As usual, I’m a complete sucker for the writing and recipes of one Molly Wizenberg (the lady behind the Orangette blog). In this month’s Bon Appetit, she tells us how to make Leek Confit (which I could have happily eaten all by itself, straight from the pot - seriously, if you don’t have the patience to make a tarte, at least give the confit a try). The leeks at the grocery store are gorgeous right now, and Texas finally appears to have caught on to the notion that bigger is not always better because the leeks I’ve purchased recently have been relatively thin and blissfully tender.
Once the confit is finished, it is used in the tarte (they spelled it “tart”). After the crust is prepared and baked and baked some more, leek confit is layered with goat cheese and then more leek confit before being filled with a binder of cream, milk, and eggs. (By the way, this method of layering the dry ingredients and then pouring the wet around them helps to avoid the unpleasant overflow situation I ran into the last time I made a tarte.)

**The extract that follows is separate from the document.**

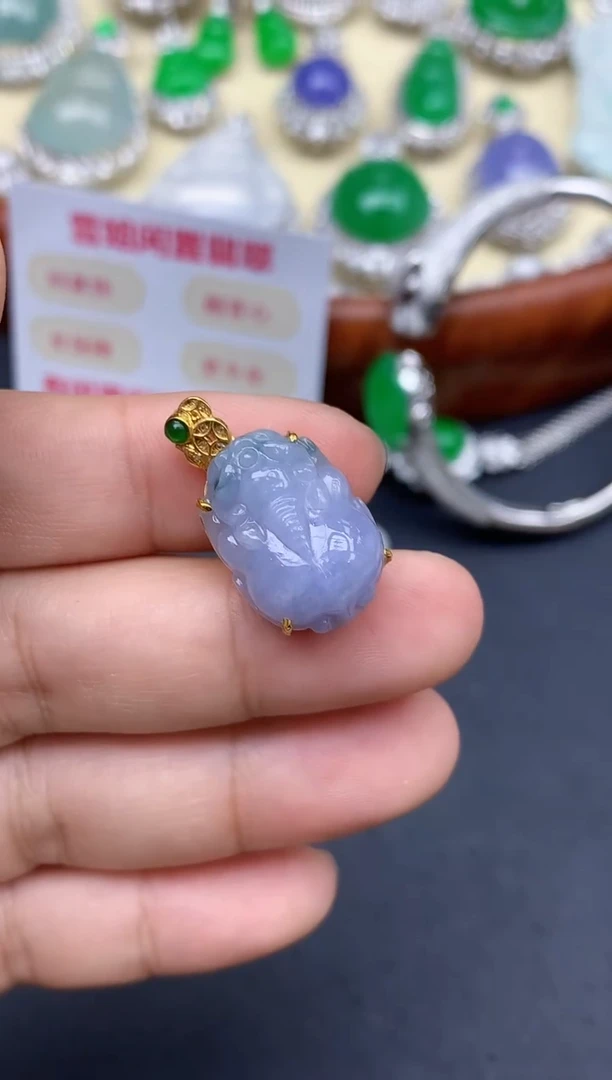 颈饰18K金镶嵌翡翠387-中国好珍宝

After the tarte was baked and allowed to cool a bit, we dug in. It was incredible. The leeks, already meltingly rich and flavorful were exquisite with the creamy goat cheese and unobtrusive egg. The relative mildness of the filling allowed the buttery crust to figure prominently in our enjoyment. And even better - it reheated pretty darned well (on a sheet pan, in the oven).
Seriously, I know this is the second time I’m writing this in a single post, but if you love leeks, definitely make the leek confit. It would be delicious just spread on some buttered toast.
Another note on leeks - especially if you’ve never dealt with them before - they can be sort of difficult to clean. Because of their structure and the way they grow, leeks are often really dirty and gritty, and you wouldn’t want that messing up your wonderful food! Here’s my approach. I cut the tough dark green part off (the part I’m not going to eat anyway). Then I split the remainder down the middle lengthwise, taking care not to slice through the root end. Next, with the root end facing down, I run water lightly all through the newly split leek, working the dirt out with my fingers as necessary. Once you feel comfortable that they’re clean, turn them upside down (root end up) and gently smoosh the water out of the leek (it should hold together fairly well if you’ve left the root end intact). From there you can slice off the root and braise them or chop them up and use them as you see fit.